Kalenin güney kesiminde kralların oturduğu taş odaların ve düzgün planlı mezar
odaların ana kaya içine oyularak yapılmıştır. Osmanlı İmparatorluğu zamanında
bu mezar odaları, depo ve cephanelik olarak kullanılmıştır. Argisti mezar odalarından doğuya doğru gidildiğinde
Osmanlı İmparatorluğu zamanında yapılan minare, kapı, su kulesi ve burç
görülür. Urartu duvarları üzerinde yükselen Osmanlı yapılarının hemen hepsi
yıkılmıştır. Kalenin tam orta kısmının güneyinde “Kurucular” ve “Menva Mezar Odaları”
olarak adlandırılan mezar odaları bulunmaktadır. Van Kalesinin güney kesiminde
yukarından aşağıdaki su deposuna inen ve halk tarafından “Bin Merdivenler”
yahut “Şeytan Merdivenleri” olarak adlandırılan kaya basamakları bulunmaktadır.
Van Kalesinin güneyinde kimsenin ulaşamayacağı kayanın orta kısmına doğru, Peri
Kralı Kserkes çivi yazısı ile bir kitabe yazdırmıştır. Ayrıca kalenin çeşitli
yerlerinde kralların savaşlarına, zaferlere, yapılan işlere dair birçok
yazıtlar vardır.
Van
Kalesi dört bedenle çevrilidir. Bu beden duvarlarından ikisi Akkoyunlu Türkleri
ile Osmanlı Türklerinin diğer ikisi de Urartulara aittir. Kalenin içinde
Osmanlılar zamanından kalma cami, medrese, askerler için kışlalar ve su
sarnıçları vardır. Osmanlılar çağında Van Kalesi önemli üslerden biriydi.

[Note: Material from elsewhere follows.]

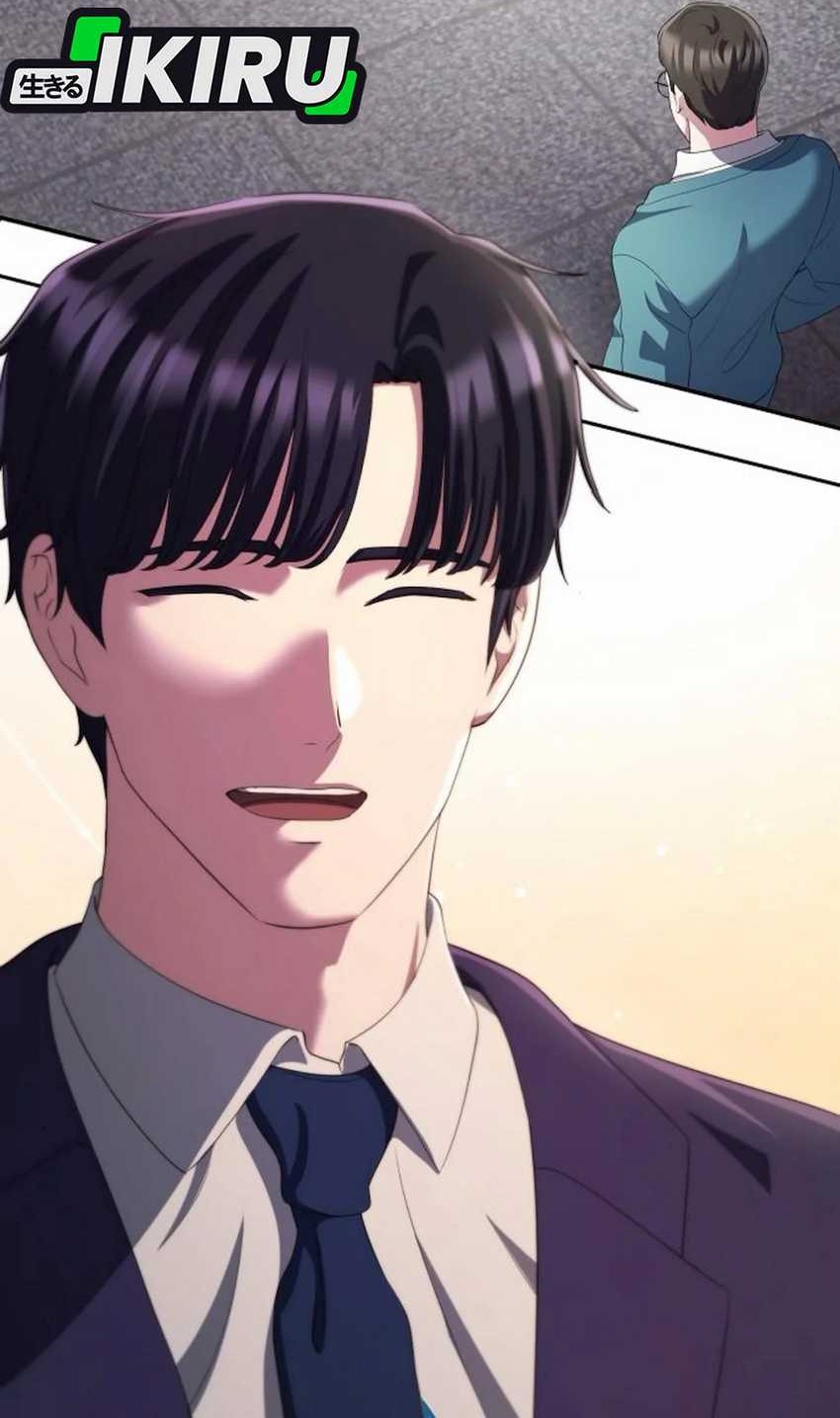 Chapter 37 - halaman 17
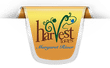Harvest Tours and Charters Margaret River logo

Evliya Çelebi, Van Kalesini anlatırken şöyle der: 300 kadar yeniçeri ve topçu
iç kalede yaşar. Suluk Kulesi üzerindeki bölme hisarlarda evli askerler
dururdu. Kale içinde kiliseden bozma Süleyman Han Camii, saray ve medreseler
vardır. Van Kalesinin yüksek duvarlarına ok eriştirmek imkansızdır. Ancak,
Evliya Çelebi’ye göre IV. Murat, Revan Savaşından dönerken Pehlivan Sarı Sulak
ile Hacı Süleyman’a ok attıran dik kale duvarlarını aşırmıştır.
Birinci
büyük savaştan önce, Van şehri kalenin güney eteğinde idi. Burası bugün yıkıntı
halindedir. Kalede Urartu’lardan sonra Osmanlı’ya kadar pers yazıtı dışında
herhangi bir kalıntı gelmemiştir. Doğu tarafındaki sur ve kuleler, kuzey batıya
bakan kale giriş kapısı, tahkimat ve diğer beden duvarları, Yukarı Kale,
Süleyman Han Camii ve minaresi ile askeri amaçlı kerpiç ve taştan çeşitli
yapılar Osmanlı döneminden kalmadır.